Il faut aussi prendre garde à ce que l’élève n’identifie pas le dictionnaire - surtout s’il a le prestige de la technologie nouvelle, à la vérité sortant du puits : l’absence de la « maclotte » d’Apollinaire, ou du mot « interrogeable », que les élèves de l’ère du répondeur téléphonique s’attendaient à trouver, a suffi à en souligner pédagogiquement les limites.

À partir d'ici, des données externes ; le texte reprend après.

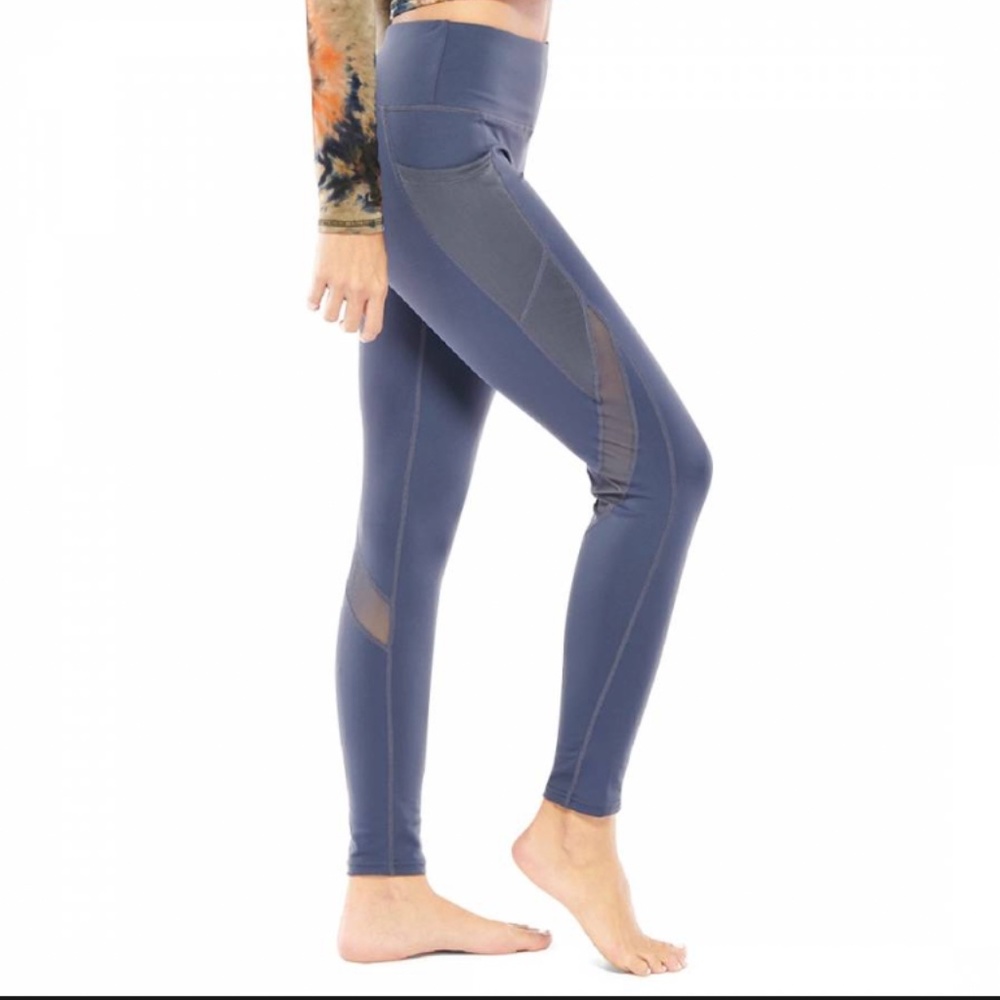 Electric Yoga - NWT- Pocket Perfection Leggings, Grey (M)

Pour le reste, l’effet de lassitude que je prévoyais n’est pas advenu à ce jour, sauf à des moments où la curiosité linguistique est en question, et où le départ se fait entre élèves actifs et passifs. Le Robert Electronique est devenu presque « naturel ». Quand on rencontre un mot en lecture suivie, il ne faut pas pousser beaucoup tel élève remuant à aller en quelques secondes éclairer ses camarades, ce qui ralentirait considérablement la classe avec le grand ou même le petit Robert version papier. Et les mânes de Paul Robert comme le professeur de base sourient sans nul doute d’entendre des élèves entrant en classe et interrogeant : « M’sieur, on va sur le Robert aujourd’hui ? »

Bibliographie

 MARBEAU , V. et HATT, T. 1992. Passé, présent et futur des technologies nouvelles en éducation, de la maternelle au lycée et en formation, CRDP Poitiers.

 L’informatique au service de l’enseignement des Lettres, l’ordinateur dans la salle de classe, 1991, Ministère de l’Education Nationale.